* Task: Nothing except the pictures should be left out when you reproduce the listing exactly.

* Dataset records:
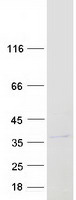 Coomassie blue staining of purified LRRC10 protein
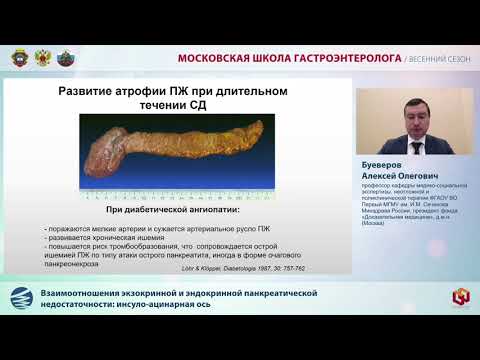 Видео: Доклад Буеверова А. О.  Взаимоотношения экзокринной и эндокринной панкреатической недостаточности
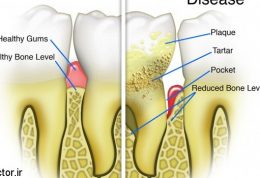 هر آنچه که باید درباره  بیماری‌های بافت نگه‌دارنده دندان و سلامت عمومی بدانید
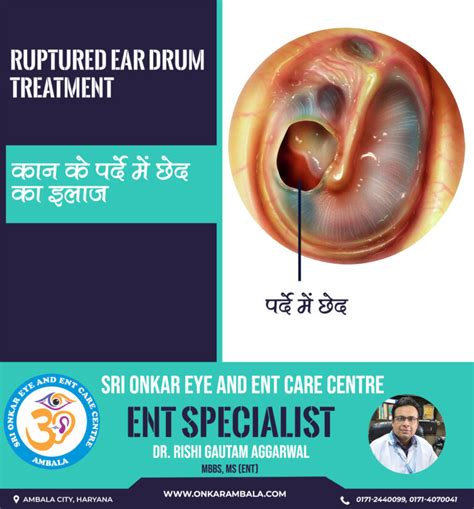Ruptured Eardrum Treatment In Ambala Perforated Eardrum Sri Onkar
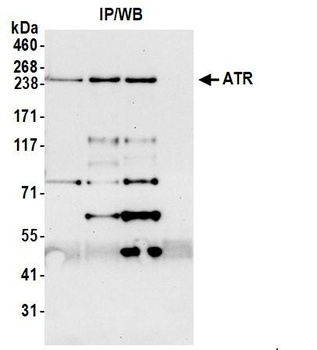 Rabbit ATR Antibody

* Answer to this exercise:
 Coomassie blue staining of purified LRRC10 protein
 Видео: Доклад Буеверова А. О.  Взаимоотношения экзокринной и эндокринной панкреатической недостаточности
 هر آنچه که باید درباره  بیماری‌های بافت نگه‌دارنده دندان و سلامت عمومی بدانید
Ruptured Eardrum Treatment In Ambala Perforated Eardrum Sri Onkar
 Rabbit ATR Antibody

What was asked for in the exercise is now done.